Tu n'es pas un homme : alors parait l'idole (des jeunes et des moins jeunes) qui tire sa puissance de l'admiration d'autrui, de sa propre aliénation en tant qu'homme au profit de la jouissance, de l'hommage, que lui rend le peuple, les royaumes, le monde, la femme ou les gosses, le chefs ou les employés, les autres. Même la folie, érotisée ou financiarisée, est source de prestige, donc réformable et pardonnable. En somme, tu seras ce que les autres voudront que tu sois, au détour d'une bonne réputation, d'un bon sondage, d'une bonne presse, d'un bon exploit. La puissance est toujours la plus value de cette déréalisation, de cette déshumanisation, quoi qu'elle en dise, dans le plus d'être qu'elle prétend promettre. Dès lors, sa logique essentielle, celle qui apparait dans les trois tentations et à leur issue, ne peut être que la violence, émeute ou révolution. Parce qu'on ne nie pas l'homme, celui dont Jésus au désert prend le parti pris absolu et irrévocable, sans qu'un jour ou l'autre, il ne se révolte en sa souffrance d'homme dissolu. Les cliniques en sont pleines, des acteurs comme des victimes de l'aliénation, du « je », du sujet comme on dit. Et pas que les cliniques.

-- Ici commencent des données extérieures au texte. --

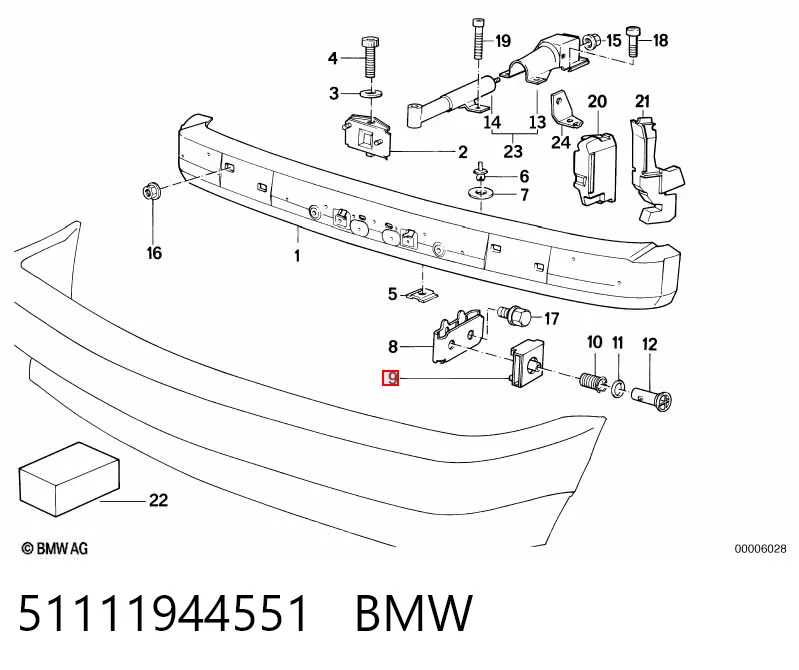 51111944551 BMW Направляющая переднего бампера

Réponse de Jésus : « C'est le Seigneur ton Dieu que tu adoreras ». Décidemment, Jésus est vraiment homme jusqu'au bout : il ne s'offre pas comme idole, ce que l'homme sait parfaitement faire selon les anthropologues. En Jésus et par lui, Dieu réalise, ce qui n'est pas lui : l'homme. Sa puissance désirante qui lui fait dire « j'ai désiré d'un grand désir » n'aliène pas son objet. Elle l'accomplit. C'est pourquoi, il peut multiplier les pains et changer l'eau en vin. C'est pourquoi aussi sa vie « publique » (?) ne pouvait commencer que là où seulement la parole de Dieu fait homme pouvait commencer : la négation radicale de l'homme. D'où la dureté, non moins radicale, envers Pierre qui voulait s'opposer à ce choix de Jésus d'aller jusqu'au bout : « Arrière de moi Satan ».

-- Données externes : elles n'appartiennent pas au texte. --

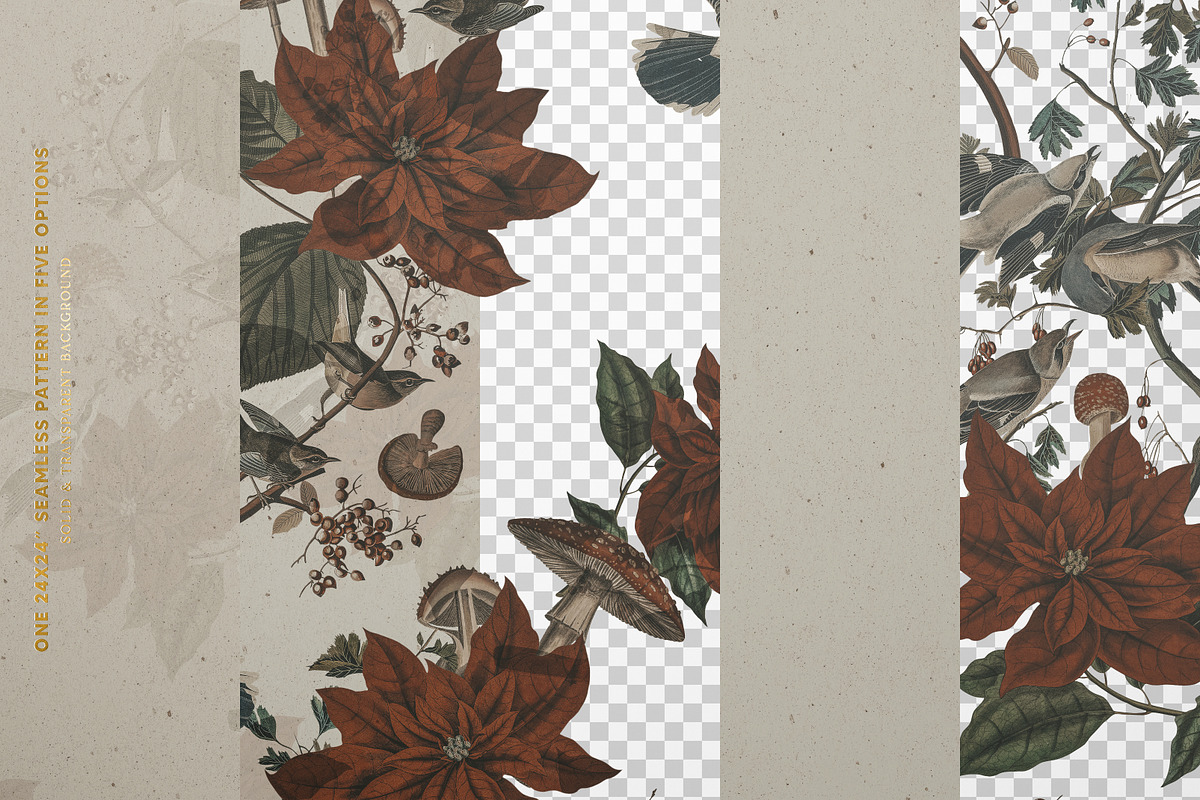 Christmas Flowers and Birds Pattern, a Pattern Graphic by paper aesthetic (Photo 5 of 7)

Il n'est pas indifférent de noter que les réponses de Jésus à Satan reprennent les paroles du Deutéronome (Cf. 6-8-34) et du psautier (Psaume 91). La symbolique des trois tentations est prophétique : elle argumente en faveur d'un messianisme royal, Jésus nouveau Moise, considéré comme l'instaurateur d'une royauté politique. On retrouve ainsi l'espérance d'un pouvoir politique du Seigneur formulée par les deux d'Emmaüs. Mais ici et là, Jésus se dérobe à cette séduction qui est aussi une réduction donnant ainsi au politique sa véritable signification, celle d'accomplir l'homme.

L'évangile nous dit qu'un romain, au pied de la croix où Jésus venait d'expirer, s'exclama : « Celui-ci était vraiment le fils de Dieu » ; ce romain venait de se convertir : il avait vu un homme mourir.